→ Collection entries
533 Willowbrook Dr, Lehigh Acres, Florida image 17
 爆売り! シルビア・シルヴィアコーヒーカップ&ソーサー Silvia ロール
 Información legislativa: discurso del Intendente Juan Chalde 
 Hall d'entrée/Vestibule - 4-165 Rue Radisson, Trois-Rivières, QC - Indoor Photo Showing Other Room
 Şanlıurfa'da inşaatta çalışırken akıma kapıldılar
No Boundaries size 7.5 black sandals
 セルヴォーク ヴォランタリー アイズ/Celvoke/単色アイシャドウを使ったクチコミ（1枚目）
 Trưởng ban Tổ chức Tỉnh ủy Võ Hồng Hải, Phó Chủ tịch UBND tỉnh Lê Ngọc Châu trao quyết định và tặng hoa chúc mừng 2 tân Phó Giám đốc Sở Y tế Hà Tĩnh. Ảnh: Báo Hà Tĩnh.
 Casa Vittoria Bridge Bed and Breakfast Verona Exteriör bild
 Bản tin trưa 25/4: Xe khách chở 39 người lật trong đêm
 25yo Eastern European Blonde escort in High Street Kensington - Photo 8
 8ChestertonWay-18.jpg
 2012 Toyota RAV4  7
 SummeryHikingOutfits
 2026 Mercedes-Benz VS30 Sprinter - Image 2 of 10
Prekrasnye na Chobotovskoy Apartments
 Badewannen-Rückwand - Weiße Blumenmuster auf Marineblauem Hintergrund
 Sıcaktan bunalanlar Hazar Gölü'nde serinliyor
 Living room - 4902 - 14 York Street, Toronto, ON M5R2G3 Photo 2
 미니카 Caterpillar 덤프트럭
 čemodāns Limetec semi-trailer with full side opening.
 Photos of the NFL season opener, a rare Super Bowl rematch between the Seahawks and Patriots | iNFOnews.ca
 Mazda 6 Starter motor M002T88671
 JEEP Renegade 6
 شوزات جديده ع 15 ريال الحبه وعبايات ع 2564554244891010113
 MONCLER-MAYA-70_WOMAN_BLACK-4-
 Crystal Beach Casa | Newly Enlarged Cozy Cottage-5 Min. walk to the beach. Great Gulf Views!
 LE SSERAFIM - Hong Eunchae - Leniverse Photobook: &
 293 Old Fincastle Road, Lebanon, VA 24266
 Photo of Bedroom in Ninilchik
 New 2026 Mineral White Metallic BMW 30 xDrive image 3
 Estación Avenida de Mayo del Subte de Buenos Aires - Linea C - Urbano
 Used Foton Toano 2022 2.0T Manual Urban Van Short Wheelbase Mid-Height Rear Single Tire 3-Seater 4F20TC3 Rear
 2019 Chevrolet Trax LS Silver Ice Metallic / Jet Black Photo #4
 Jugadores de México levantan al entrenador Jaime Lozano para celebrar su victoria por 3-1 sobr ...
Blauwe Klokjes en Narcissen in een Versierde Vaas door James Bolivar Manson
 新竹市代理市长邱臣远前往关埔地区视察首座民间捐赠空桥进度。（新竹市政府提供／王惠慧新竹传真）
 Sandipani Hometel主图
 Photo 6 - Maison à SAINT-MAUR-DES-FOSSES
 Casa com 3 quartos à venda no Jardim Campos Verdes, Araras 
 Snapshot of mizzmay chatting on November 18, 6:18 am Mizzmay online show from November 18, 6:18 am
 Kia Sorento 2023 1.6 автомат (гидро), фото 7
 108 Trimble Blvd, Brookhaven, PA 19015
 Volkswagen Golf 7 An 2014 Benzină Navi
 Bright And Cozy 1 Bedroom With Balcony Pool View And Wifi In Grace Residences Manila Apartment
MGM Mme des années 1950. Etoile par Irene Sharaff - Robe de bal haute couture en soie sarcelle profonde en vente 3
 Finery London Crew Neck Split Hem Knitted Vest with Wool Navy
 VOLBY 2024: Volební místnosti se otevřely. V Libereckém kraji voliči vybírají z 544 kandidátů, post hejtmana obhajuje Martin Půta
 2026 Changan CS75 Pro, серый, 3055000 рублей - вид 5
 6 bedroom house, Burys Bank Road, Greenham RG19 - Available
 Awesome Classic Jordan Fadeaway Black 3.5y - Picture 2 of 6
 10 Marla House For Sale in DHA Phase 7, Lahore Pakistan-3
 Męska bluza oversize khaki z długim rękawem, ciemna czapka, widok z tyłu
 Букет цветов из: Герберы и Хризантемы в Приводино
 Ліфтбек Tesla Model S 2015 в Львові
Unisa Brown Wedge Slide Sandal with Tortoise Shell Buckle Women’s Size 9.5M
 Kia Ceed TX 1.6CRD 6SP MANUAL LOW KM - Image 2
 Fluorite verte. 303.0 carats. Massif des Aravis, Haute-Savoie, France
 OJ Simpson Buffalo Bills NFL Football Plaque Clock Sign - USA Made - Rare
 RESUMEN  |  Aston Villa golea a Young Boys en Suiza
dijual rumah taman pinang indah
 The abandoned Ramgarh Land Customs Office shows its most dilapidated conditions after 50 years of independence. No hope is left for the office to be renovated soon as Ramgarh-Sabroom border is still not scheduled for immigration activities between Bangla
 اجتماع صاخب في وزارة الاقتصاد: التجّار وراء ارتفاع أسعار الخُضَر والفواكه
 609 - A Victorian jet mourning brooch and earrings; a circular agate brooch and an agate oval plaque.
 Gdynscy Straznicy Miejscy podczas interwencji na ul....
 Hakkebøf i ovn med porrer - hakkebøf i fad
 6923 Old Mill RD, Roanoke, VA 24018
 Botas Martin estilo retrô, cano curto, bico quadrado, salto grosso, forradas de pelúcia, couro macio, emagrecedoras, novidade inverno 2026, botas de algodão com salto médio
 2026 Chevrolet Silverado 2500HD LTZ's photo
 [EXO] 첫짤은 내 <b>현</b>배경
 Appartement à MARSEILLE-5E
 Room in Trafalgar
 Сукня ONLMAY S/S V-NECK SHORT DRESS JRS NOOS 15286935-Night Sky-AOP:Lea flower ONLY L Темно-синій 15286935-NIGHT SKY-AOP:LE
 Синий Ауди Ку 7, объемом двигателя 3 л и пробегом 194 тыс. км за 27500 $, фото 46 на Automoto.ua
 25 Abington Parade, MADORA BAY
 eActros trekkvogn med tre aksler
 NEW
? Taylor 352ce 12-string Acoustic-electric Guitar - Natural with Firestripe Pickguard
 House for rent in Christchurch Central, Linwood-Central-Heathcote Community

→ Work to complete
Would you return each entry exactly as it reads?

→ Result of the task
533 Willowbrook Dr, Lehigh Acres, Florida image 17
 爆売り! シルビア・シルヴィアコーヒーカップ&ソーサー Silvia ロール
 Información legislativa: discurso del Intendente Juan Chalde 
 Hall d'entrée/Vestibule - 4-165 Rue Radisson, Trois-Rivières, QC - Indoor Photo Showing Other Room
 Şanlıurfa'da inşaatta çalışırken akıma kapıldılar
No Boundaries size 7.5 black sandals
 セルヴォーク ヴォランタリー アイズ/Celvoke/単色アイシャドウを使ったクチコミ（1枚目）
 Trưởng ban Tổ chức Tỉnh ủy Võ Hồng Hải, Phó Chủ tịch UBND tỉnh Lê Ngọc Châu trao quyết định và tặng hoa chúc mừng 2 tân Phó Giám đốc Sở Y tế Hà Tĩnh. Ảnh: Báo Hà Tĩnh.
 Casa Vittoria Bridge Bed and Breakfast Verona Exteriör bild
 Bản tin trưa 25/4: Xe khách chở 39 người lật trong đêm
 25yo Eastern European Blonde escort in High Street Kensington - Photo 8
 8ChestertonWay-18.jpg
 2012 Toyota RAV4  7
 SummeryHikingOutfits
 2026 Mercedes-Benz VS30 Sprinter - Image 2 of 10
Prekrasnye na Chobotovskoy Apartments
 Badewannen-Rückwand - Weiße Blumenmuster auf Marineblauem Hintergrund
 Sıcaktan bunalanlar Hazar Gölü'nde serinliyor
 Living room - 4902 - 14 York Street, Toronto, ON M5R2G3 Photo 2
 미니카 Caterpillar 덤프트럭
 čemodāns Limetec semi-trailer with full side opening.
 Photos of the NFL season opener, a rare Super Bowl rematch between the Seahawks and Patriots | iNFOnews.ca
 Mazda 6 Starter motor M002T88671
 JEEP Renegade 6
 شوزات جديده ع 15 ريال الحبه وعبايات ع 2564554244891010113
 MONCLER-MAYA-70_WOMAN_BLACK-4-
 Crystal Beach Casa | Newly Enlarged Cozy Cottage-5 Min. walk to the beach. Great Gulf Views!
 LE SSERAFIM - Hong Eunchae - Leniverse Photobook: &
 293 Old Fincastle Road, Lebanon, VA 24266
 Photo of Bedroom in Ninilchik
 New 2026 Mineral White Metallic BMW 30 xDrive image 3
 Estación Avenida de Mayo del Subte de Buenos Aires - Linea C - Urbano
 Used Foton Toano 2022 2.0T Manual Urban Van Short Wheelbase Mid-Height Rear Single Tire 3-Seater 4F20TC3 Rear
 2019 Chevrolet Trax LS Silver Ice Metallic / Jet Black Photo #4
 Jugadores de México levantan al entrenador Jaime Lozano para celebrar su victoria por 3-1 sobr ...
Blauwe Klokjes en Narcissen in een Versierde Vaas door James Bolivar Manson
 新竹市代理市长邱臣远前往关埔地区视察首座民间捐赠空桥进度。（新竹市政府提供／王惠慧新竹传真）
 Sandipani Hometel主图
 Photo 6 - Maison à SAINT-MAUR-DES-FOSSES
 Casa com 3 quartos à venda no Jardim Campos Verdes, Araras 
 Snapshot of mizzmay chatting on November 18, 6:18 am Mizzmay online show from November 18, 6:18 am
 Kia Sorento 2023 1.6 автомат (гидро), фото 7
 108 Trimble Blvd, Brookhaven, PA 19015
 Volkswagen Golf 7 An 2014 Benzină Navi
 Bright And Cozy 1 Bedroom With Balcony Pool View And Wifi In Grace Residences Manila Apartment
MGM Mme des années 1950. Etoile par Irene Sharaff - Robe de bal haute couture en soie sarcelle profonde en vente 3
 Finery London Crew Neck Split Hem Knitted Vest with Wool Navy
 VOLBY 2024: Volební místnosti se otevřely. V Libereckém kraji voliči vybírají z 544 kandidátů, post hejtmana obhajuje Martin Půta
 2026 Changan CS75 Pro, серый, 3055000 рублей - вид 5
 6 bedroom house, Burys Bank Road, Greenham RG19 - Available
 Awesome Classic Jordan Fadeaway Black 3.5y - Picture 2 of 6
 10 Marla House For Sale in DHA Phase 7, Lahore Pakistan-3
 Męska bluza oversize khaki z długim rękawem, ciemna czapka, widok z tyłu
 Букет цветов из: Герберы и Хризантемы в Приводино
 Ліфтбек Tesla Model S 2015 в Львові
Unisa Brown Wedge Slide Sandal with Tortoise Shell Buckle Women’s Size 9.5M
 Kia Ceed TX 1.6CRD 6SP MANUAL LOW KM - Image 2
 Fluorite verte. 303.0 carats. Massif des Aravis, Haute-Savoie, France
 OJ Simpson Buffalo Bills NFL Football Plaque Clock Sign - USA Made - Rare
 RESUMEN  |  Aston Villa golea a Young Boys en Suiza
dijual rumah taman pinang indah
 The abandoned Ramgarh Land Customs Office shows its most dilapidated conditions after 50 years of independence. No hope is left for the office to be renovated soon as Ramgarh-Sabroom border is still not scheduled for immigration activities between Bangla
 اجتماع صاخب في وزارة الاقتصاد: التجّار وراء ارتفاع أسعار الخُضَر والفواكه
 609 - A Victorian jet mourning brooch and earrings; a circular agate brooch and an agate oval plaque.
 Gdynscy Straznicy Miejscy podczas interwencji na ul....
 Hakkebøf i ovn med porrer - hakkebøf i fad
 6923 Old Mill RD, Roanoke, VA 24018
 Botas Martin estilo retrô, cano curto, bico quadrado, salto grosso, forradas de pelúcia, couro macio, emagrecedoras, novidade inverno 2026, botas de algodão com salto médio
 2026 Chevrolet Silverado 2500HD LTZ's photo
 [EXO] 첫짤은 내 <b>현</b>배경
 Appartement à MARSEILLE-5E
 Room in Trafalgar
 Сукня ONLMAY S/S V-NECK SHORT DRESS JRS NOOS 15286935-Night Sky-AOP:Lea flower ONLY L Темно-синій 15286935-NIGHT SKY-AOP:LE
 Синий Ауди Ку 7, объемом двигателя 3 л и пробегом 194 тыс. км за 27500 $, фото 46 на Automoto.ua
 25 Abington Parade, MADORA BAY
 eActros trekkvogn med tre aksler
 NEW
? Taylor 352ce 12-string Acoustic-electric Guitar - Natural with Firestripe Pickguard
 House for rent in Christchurch Central, Linwood-Central-Heathcote Community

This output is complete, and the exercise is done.